Se concluyo con un gran éxito la primera edición de la Conferencia Internacional sobre el arte del mosaico en Palestina, la “Palestinian Mosaic Art International Conference. Comparing Experiences. Por la primera vez en absoluto, profesores, investigadores académicos, artistas y expertos del mosaico locales e internacionales, se encontraron para definir una panorámica de las condiciones del patrimonio artístico palestino, para confrontarse sobre los métodos de conservación y restauración utilizados en otros países y para estudiar juntos algunas posibles soluciones futuras.

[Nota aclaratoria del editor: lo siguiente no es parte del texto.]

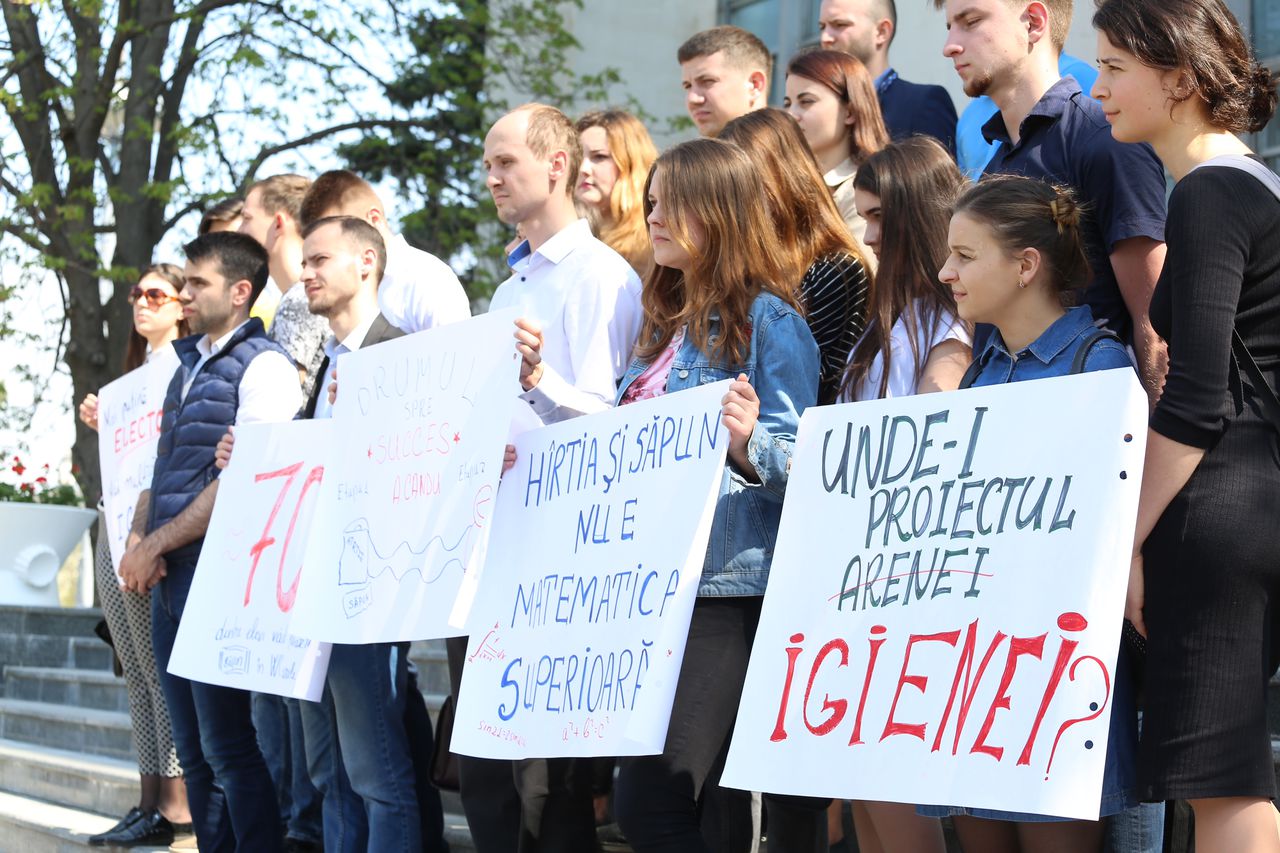 ПДС Youth и Молодежь DA начали кампанию „Бумага и мыло”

Tres días intensos entre Jericó y Sabastiya – dos lugares muy significativos por la historia del mosaico – donde, además de los discurso de los expertos, se adjuntaron las visitas a los sitios, de lleno dentro de estos lindos lugares.

“Espero que la conferencia sea un paso, aunque pequeño, hacia una colaboración más estrecha para la conservación de esto increíble patrimonio cultural desconocido”, es el deseo de Carla Benelli, gerente de los proyectos culturales por la Asociación pro Terra Sancta y promotora del evento, junto con Osama Hamdam del Mosaic Centre de Jericó y tres profesores de la Al-Quds University.

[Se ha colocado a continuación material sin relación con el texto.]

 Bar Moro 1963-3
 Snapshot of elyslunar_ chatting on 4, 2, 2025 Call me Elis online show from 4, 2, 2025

Pero ¿por qué vale la pena seguir en esta obra de conservación, en un momento como esto con el Medio Oriente en llamas?

“La ayuda humanitaria para socorrer las personas más golpeadas por la guerra es muy importante”, contesta Osama Hamdam, que desde hace años tenía el sueño de organizar un evento similar, “pero lo que está pasando en Medio Oriente amenaza la destrucción de la identidad de los pueblos. El ISIS apunta justo a esto: destruir la identidad y la memoria del Medio Oriente. Pensamos en lo que pasó en Palmira. El Califato quiere borrar todo lo que nos constituye, una dimensión que es fundamental. Porque el hombre no vive solo de pan y agua. Con pan y agua podríamos sobrevivir y nada más, pero viviríamos mal”.

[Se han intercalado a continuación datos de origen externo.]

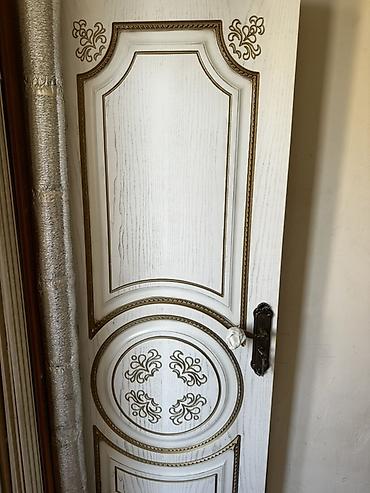 Klassik dizaynlı daxili qapı - Material: ağac teksturalı MDF/taxta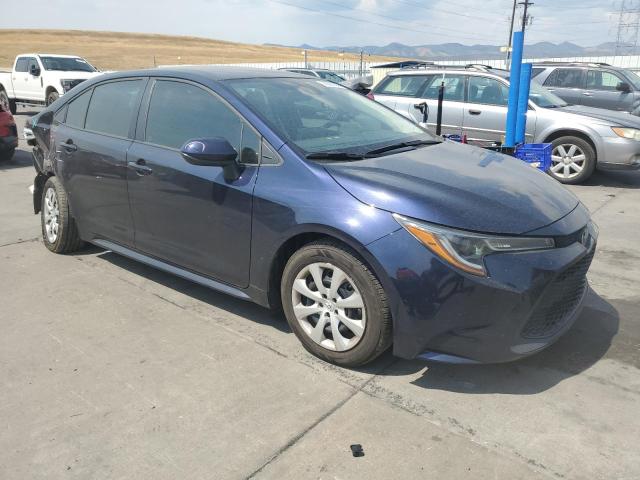 5YFEPMAE2NP286143 - 2022 TOYOTA COROLLA LE 蓝色 照片 4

Por esta razón la conservación y la restauración son prioridades de los franciscanos de la Custodia de Tierra Santa también. La dedicación de la conferencia, “a los colaboradores y amigos que ya no están entre nosotros”, habla claro. Entre ellos Osama Hamdam quiere nombrar dos personas en particular: padre Piccirillo, fraile franciscano que “me cambió la vida”, dice, y “Rasmi, un compañero que verdaderamente dio lo mejor de sí mismo para la conservación de esto patrimonio y para la formación de muchos jóvenes palestinos. Lamentablemente murió prematuramente en un accidente automovilístico”.

Preservar, entonces, y educar a los jóvenes a amar a esta riqueza, porque “Nadie nace de la nada” concluye Hamdam, “tenemos raíces comunes”, y no pueden desaparecer.